# how much onion is bad?



## Symone (Dec 3, 2012)

So, my puppy just ate some spring onions.. OH and I ordered chinese and a bit spilled on the floor (Sods law it was the nicer bit too). We didn't realise she helped herself to it until it was too late (she was sleeping before we got the food, assumed she still was)
She probably had 3-4 bits in total, but chance is she had none.. so hopefully that isn't too bad.. I'm guessing it might give her the runs. 
Will I need to bring her to the vet? Should I try to make her puke?


----------



## pearltheplank (Oct 2, 2010)

Obviously each dog is different but mine have onions in leftover stew or currys etc quite regularly and have always been fine. I don't think you need to panic


----------



## Symone (Dec 3, 2012)

Well that's a relief!  
Thank you <3
I'll keep a close eye on her either way, but I'm sure it will be effort for nothing. 
And that has half annoyed me ;_; If i gave leftovers i would always pick out the onion bits! Was fun when we had meatballs one day. I bet I probably didn't have to do that now!


----------



## 912142 (Mar 28, 2011)

Onions are toxic to dogs and can prove to be fatal, however, the toxicity is dose dependent, so the bigger the animal, the more onion need be consumed to cause a toxicity and signs of toxicity can occur between 24 hours and up to 5 days post ingestion.
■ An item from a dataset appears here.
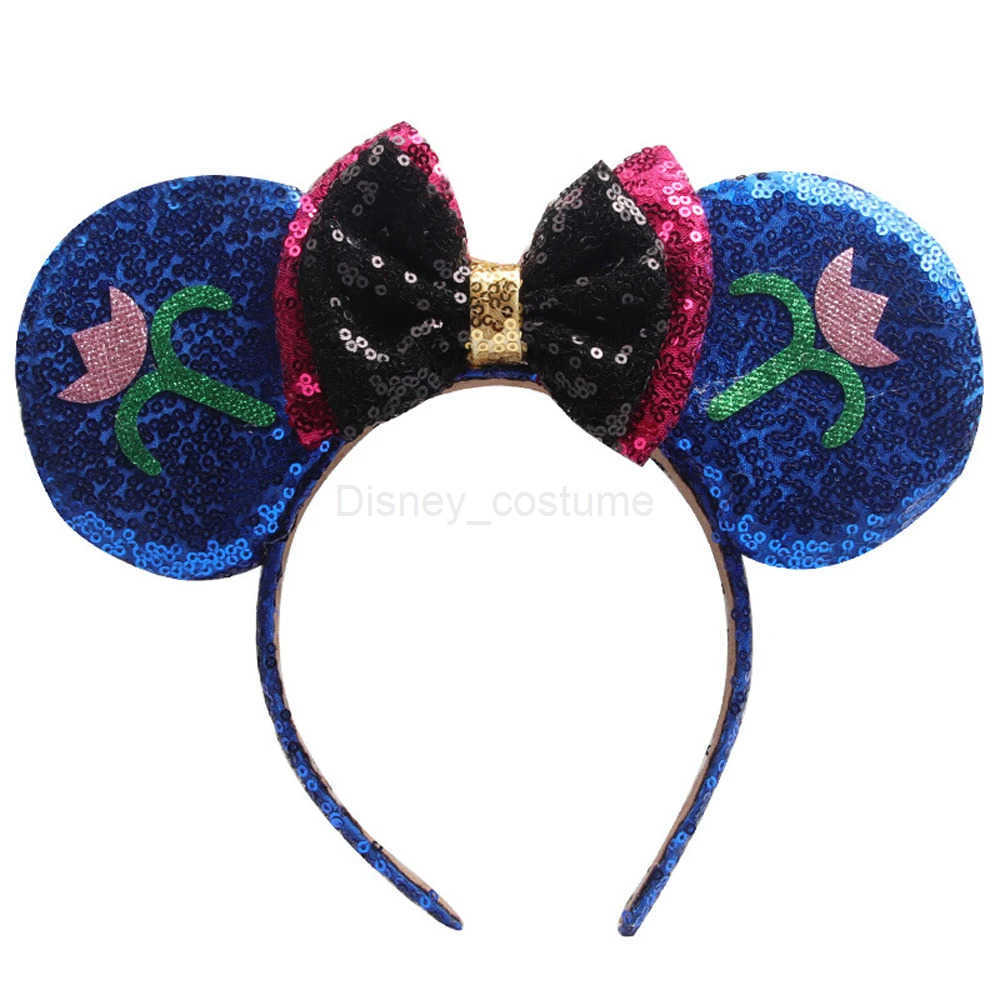 Disney Mickey Minnie Ear Headbands Frozen Elsa Anna Bow Bright Opening with Female Hair Rings Hair Accessories X250425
Most dogs can tolerate small amounts of onions, however, some owners may not realise that daily feeding (even in small quantities) can cause a cumulative effect on the red blood cells causing the dog to become anaemic or even worse.


----------



## Jazmine (Feb 1, 2009)

My collie Mira ate an entire block of Stilton on Christmas Day, stole it off the kitchen counter! 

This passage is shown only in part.